A recent McKinsey report says that global and regional banking leaders increasingly rely on digital ecosystems driven by artificial intelligence (AI) and analytical capabilities to inform their business processes. To that end, the main challenges banks face today stem from their inability to operationalize vast amounts of data and deploy advanced analytics.
Banks that successfully integrate advanced analytics and data operationalization into their technology infrastructure hold a significant competitive advantage over banks that rely on manual processes. Although transitioning to digital, data-driven systems can be challenging for banks, the benefits are tremendous – product personalization, faster pricing processes, enhanced risk management and more.
Before the rise of AI in banking, there was a dependency on the consumers to collect the information needed to determine the right product and price. These manual processes, which some banks still employ, are prone to errors, and that is only one of the many downsides. Frequently, there is either not enough data or inaccurate data to inform important banking decisions. This leads to consumers getting standardized or inadequate product offerings.
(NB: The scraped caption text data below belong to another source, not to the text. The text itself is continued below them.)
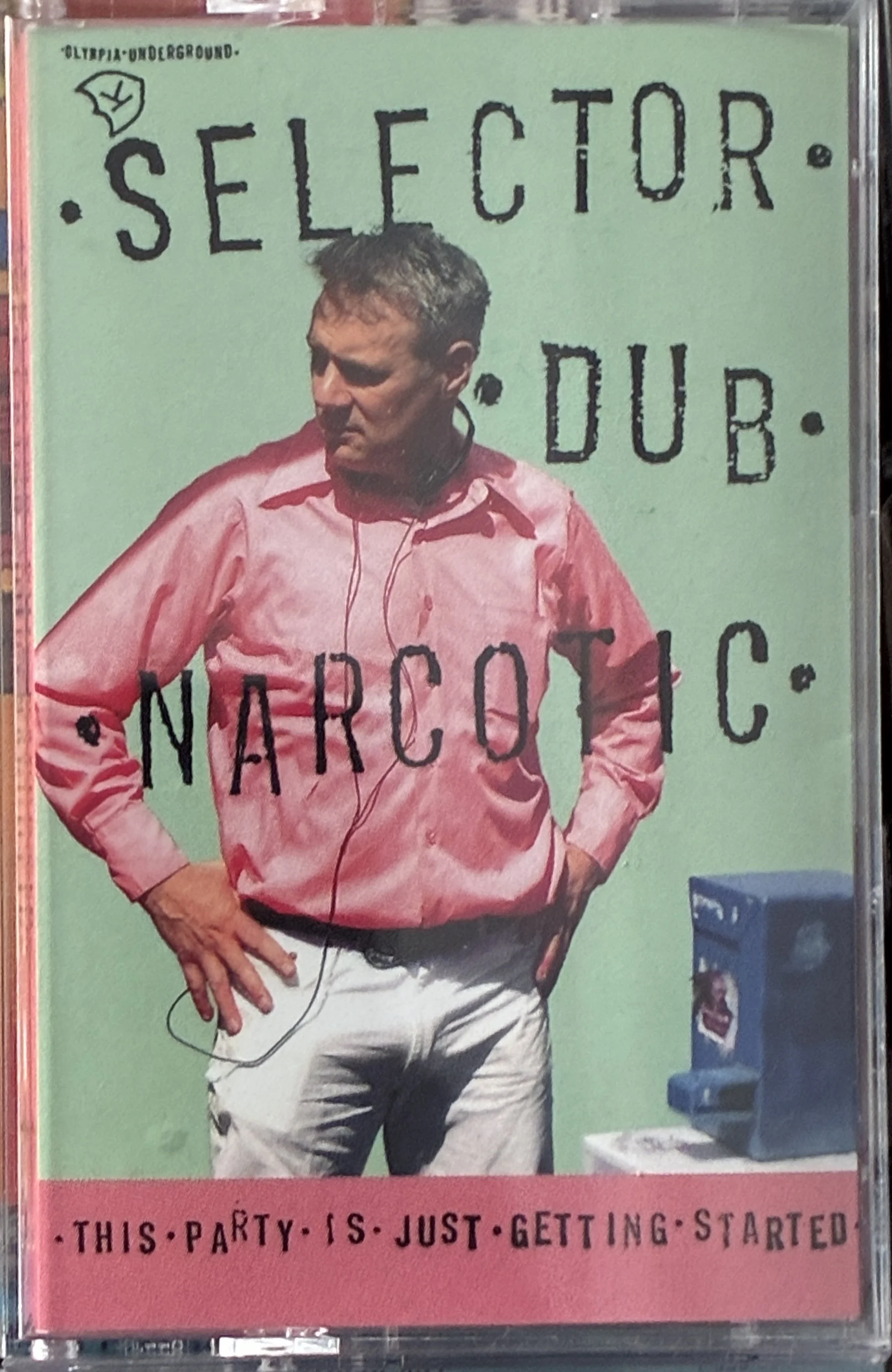 Selector Dub Narcotic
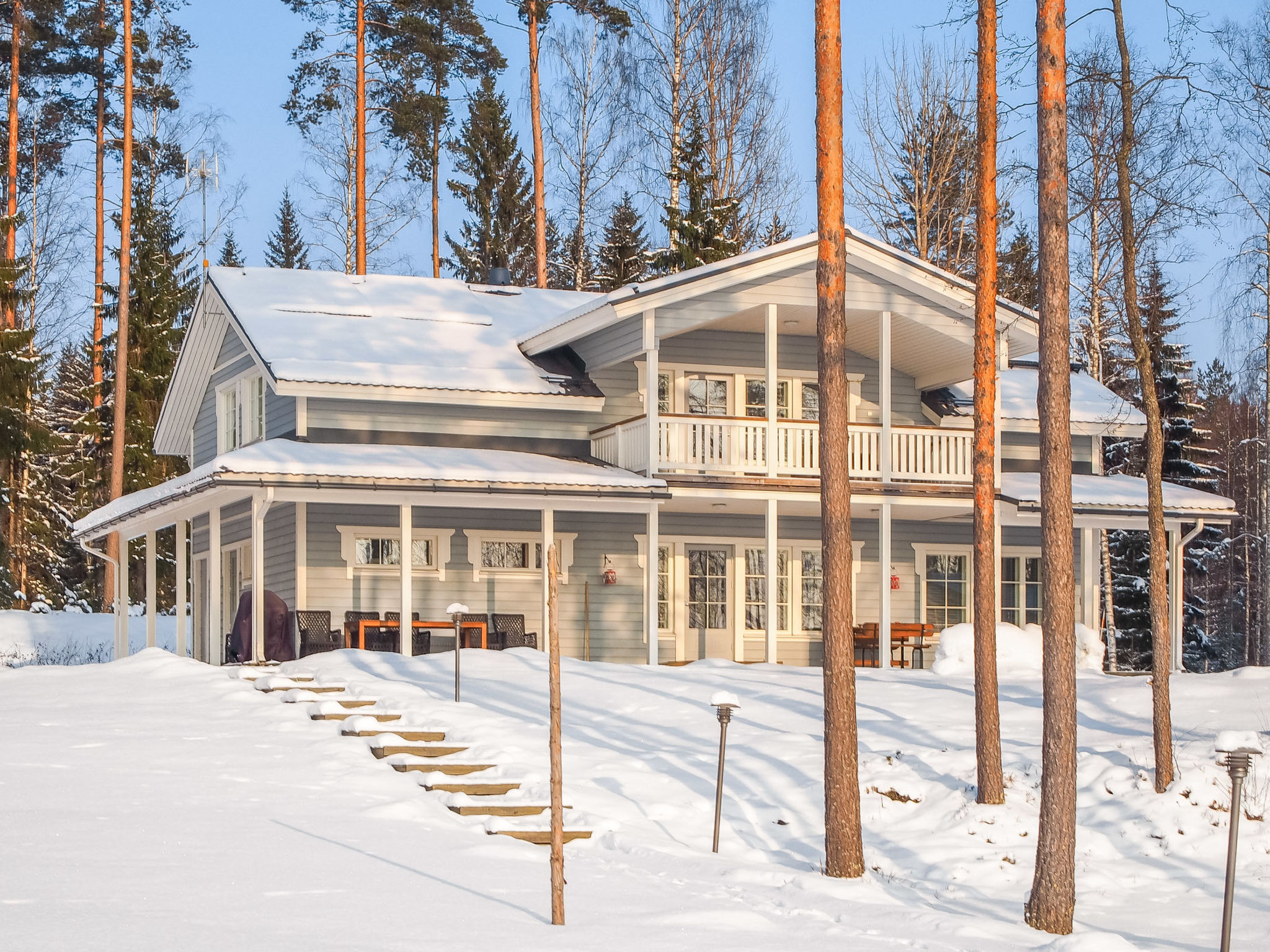 Maison Isokoskelo – Intérieur, photo 73 sur 94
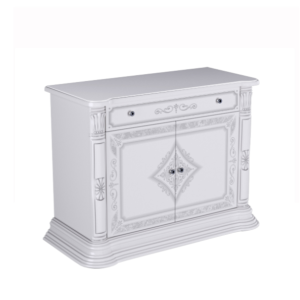 Чикаго/Chicago комод дводверний від фабрики МироМарк Україна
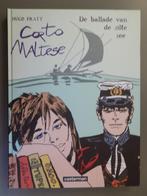 Hugo Pratt [Corto Maltese] -nn_HC_De ballade van de Zilte Ze, Boeken, Ophalen of Verzenden, Zo goed als nieuw, Eén stripboek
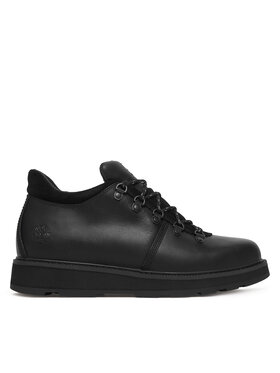 Timberland Polobotky Timberland Britton Mills TB0A5SKXW021 Černá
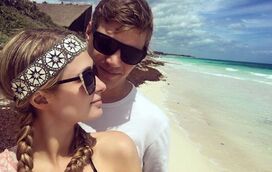 Paris Hilton encontrou o seu 'príncipe encantado'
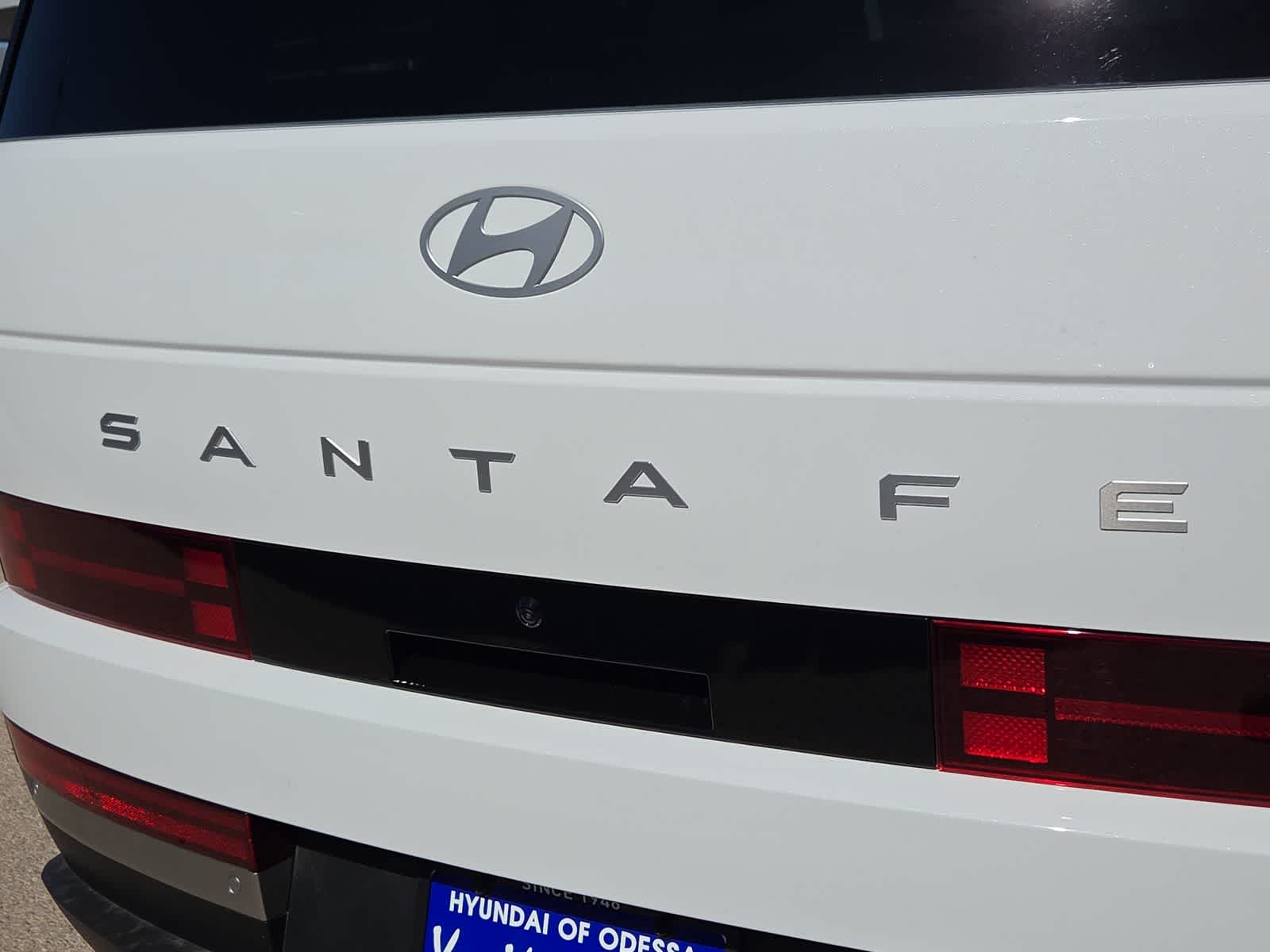 2026 Hyundai SANTA FE Limited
The alternative to manual processes is AI-driven systems that enable automation from the point of price and product creation to deployment. If integrated properly, AI can determine personalized products and prices using sophisticated, machine-learning (ML) models. It can also leverage vast data sources, operationalized through an end-to-end, analytics-driven system in real time.
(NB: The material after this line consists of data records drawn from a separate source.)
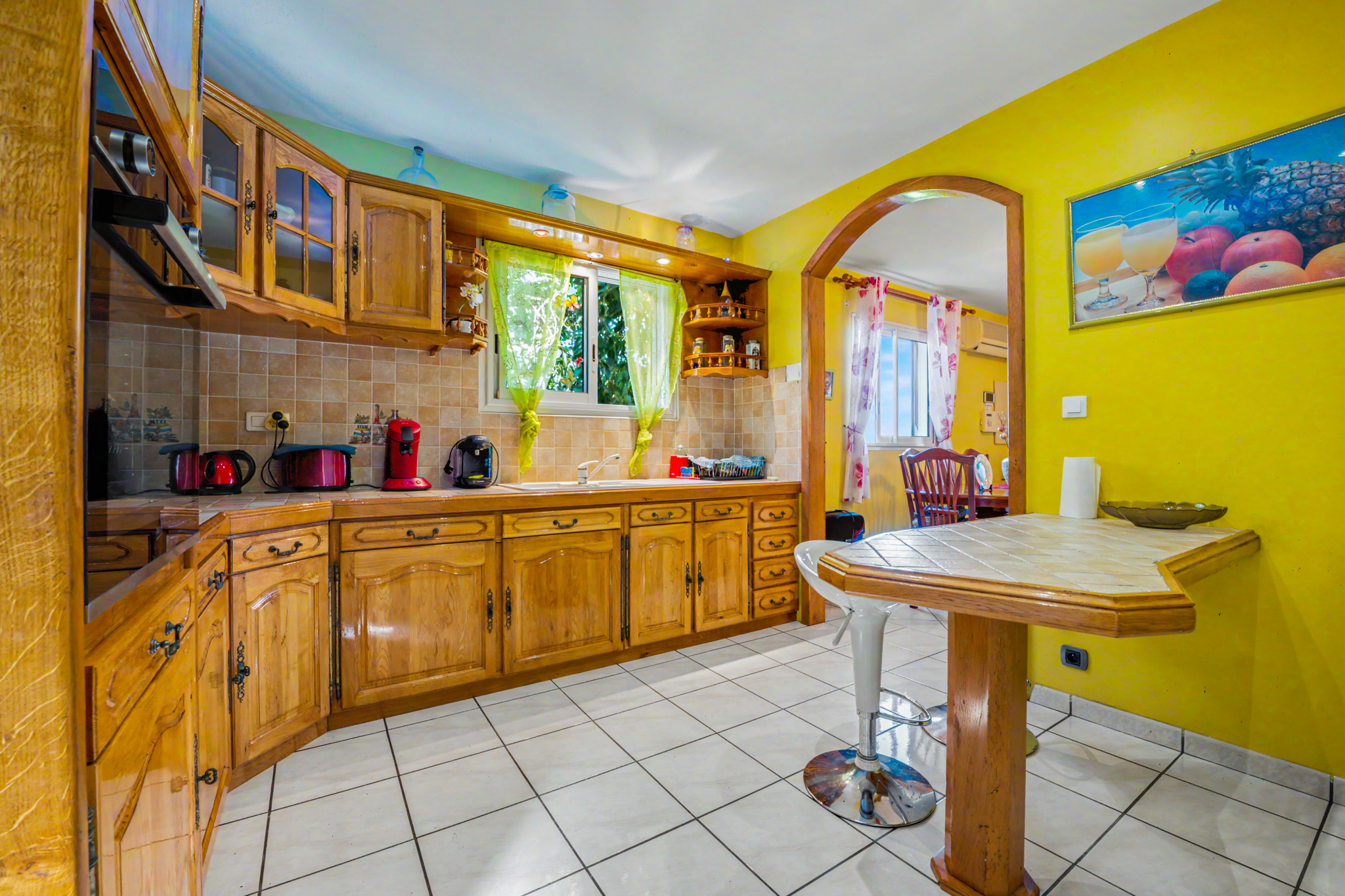 LA POSSESSION (LA REUNION) - MAISON T5 AVEC PISCINE ET GARAGE QUARTIER SAINT LAURENT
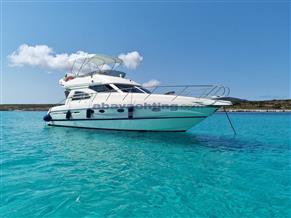 Cranchi 40 Atlantique Flybridge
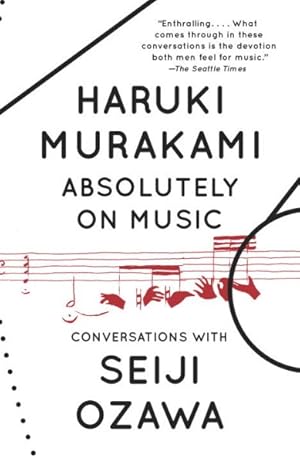 Bild des Verkufers fr Absolutely on Music : Conversations zum Verkauf von GreatBookPrices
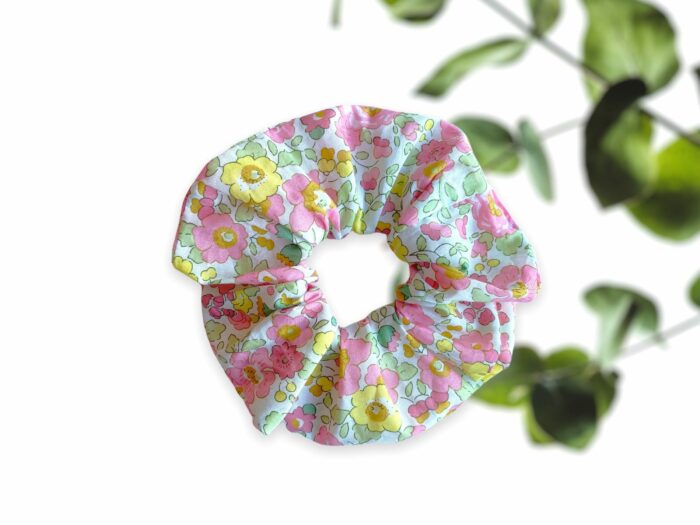 Chouchou Liberty Organic Betsy Guimauve coton bio, 8 coloris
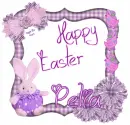 Happy Easter Pelia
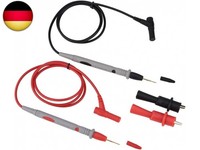Multimeter-PrüFkabel-Set, 1000V 20A Digitale Elektronische PrüFspitzen-Kabel M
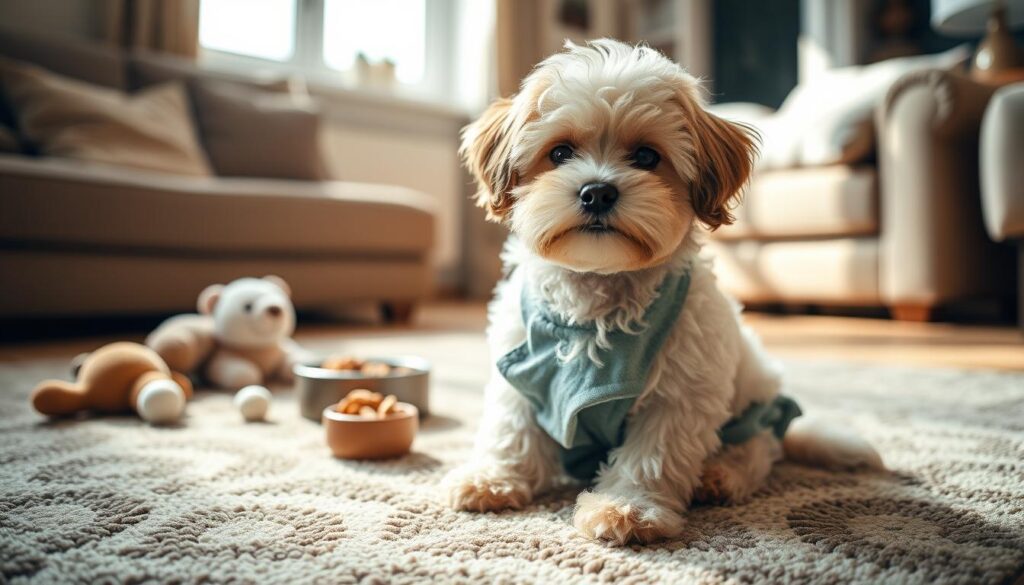 løbetidsbukser hund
In practical terms, AI-driven decision-making enables banks to personalize their offerings to consumers’ circumstances at any given time. More advanced AI-based systems enable banks to proactively provide consumers with product recommendations and tailored product offerings. Automated and integrated data and analytics solutions can achieve compliance through design and scalability, continually improving the accuracy and speed of models by leveraging ML capabilities.
There are three things banks can do today to operationalize vast amounts of data:
Make AI more accessible to the business side
One of the biggest challenges banks face is obtaining the diverse set of skills to implement analytics-driven solutions. The data scientists build the models and simulations, which product managers use to determine the best offers. But scientists do not always have visibility into the business challenges that need to be solved through operationalization and automation. Conversely, banks have experts who understand the business needs, but not the technical expertise to leverage AI to achieve objectives. Therefore, banks can benefit from making AI accessible and more understandable to the business decision makers.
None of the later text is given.